Well Intrepid Ibex is out, and if you're a fan of Ubuntu you are probably champing at the bit to get your hardy install(s) up to the next release. Unfortunately, you're going to be competing on bandwidth with millions of others who want to do the same thing.
A clean install of Kubuntu requires just over 1 GB of packages to upgrade from Hardy to Intrepid, and dragging that much data across the cloud is just painful, I don't care how fast your ISP is. It's especially painful if you happen to have an apt-mirror server on your own LAN with a full copy of the Intrepid repository.

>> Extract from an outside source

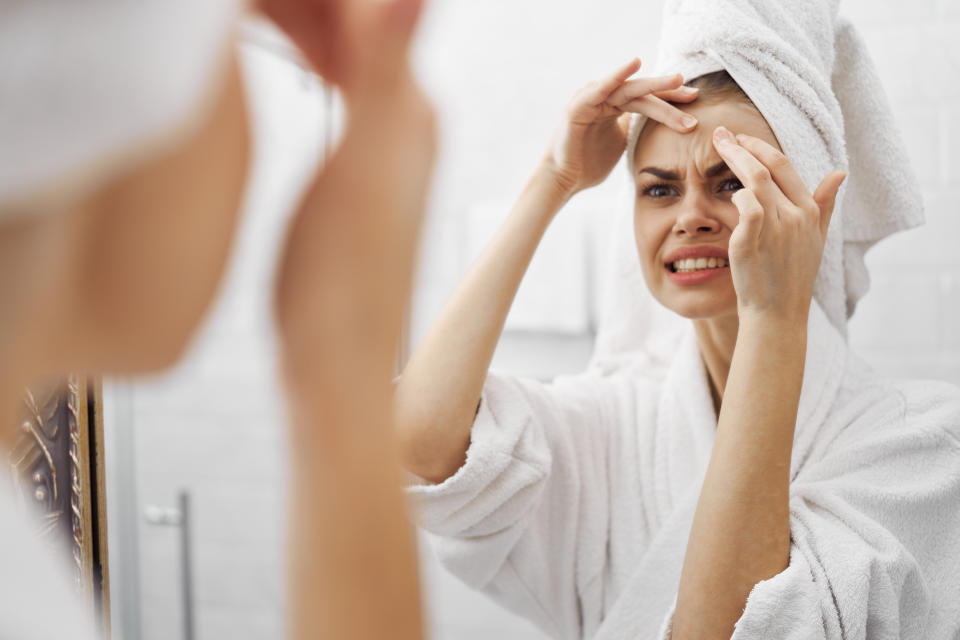 Person in bathrobe examines their forehead in the mirror, looking concerned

With Debian, of course, upgrading is just a matter of changing to the next release in /etc/apt/sources.list and doing aptitude dist-upgrade. With Ubuntu, that doesn't work out so cleanly (though I can attest that it does work if you're willing to hack around on it a bit). You have to use the do-release-upgrade script instead.

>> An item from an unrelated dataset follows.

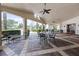 Inviting outdoor patio with comfortable seating, lush greenery, and beautiful views of the community at 3008 Pinnacle Ct, Clermont, FL 34711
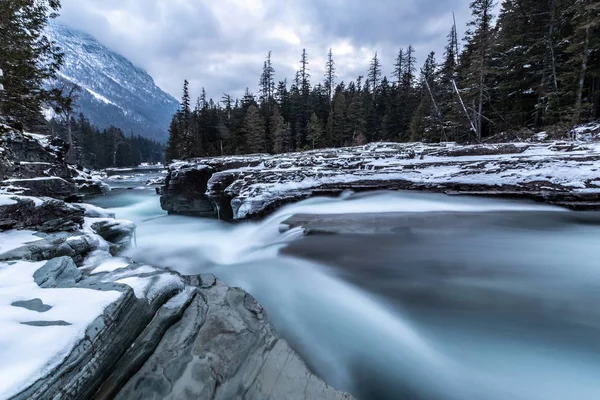 Long exposure of a river in Glacier National Park. Winter.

So enough pointless rambling, how do we get do-release-upgrade to recognize our local apt-mirror server? Do read on...
1. First, our apt-mirror needs to have Intrepid downloaded. I mirror all of ubuntu, ubuntu-backports, ubuntu-updates, and ubuntu-security on my server, with main, restricted, multiverse, and universe. You probably need Hardy on there as well, but if you've got a server like this you probably already do.
2. On your clients, if you've manually added your local server and it shows up in Synaptic as a "third party software" server, delete those entries. Close out of synaptic.

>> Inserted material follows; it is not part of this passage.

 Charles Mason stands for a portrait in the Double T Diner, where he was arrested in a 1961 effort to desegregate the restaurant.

3. Open the file /usr/share/python-apt/templates/Ubuntu.mirrors. Add in the URL of your own apt-mirror server. I added mine under the US heading, but it probably doesn't matter. Make sure you use the full path to the root of the mirror (e.g. http://myserver.mydomain.foo/ubuntu/).
4. Now open Synaptic again. On the repositories dialog, click on the "download from" dropdown and select "other". You should get another dialog with a list of servers, and your server should be on this list now. Select it.
5. Make sure you have checked the boxes for the various sections of Ubuntu you want to receive (updates, security updates, etc).
Now, do-release-upgrade should recognize your lan server. That GB of files should download in no time!